_DIRECTIONS:_ Would you transcribe only the lines from the one holding "2023 MERCEDES-BENZ EQS" through the end of the material, exactly, without any pictures?

_INFORMATION PROVIDED:_
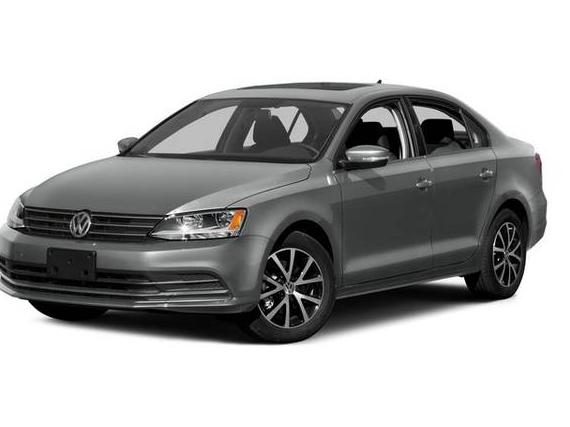 VOLKSWAGEN JETTA 2016 3VW267AJ9GM216053 image VOLKSWAGEN JETTA 2016 3VW267AJ9GM216053 image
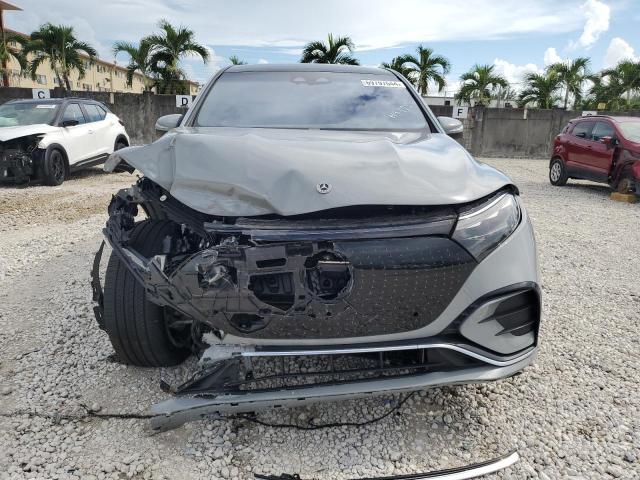 2023 MERCEDES-BENZ EQS SUV 58 - 4JGDM4EB7PA014730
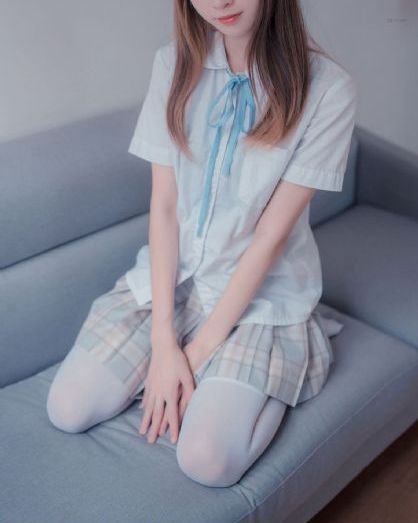 少女动漫在线观看动漫第7集视频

_WRITTEN ANSWER:_
 2023 MERCEDES-BENZ EQS SUV 58 - 4JGDM4EB7PA014730
 少女动漫在线观看动漫第7集视频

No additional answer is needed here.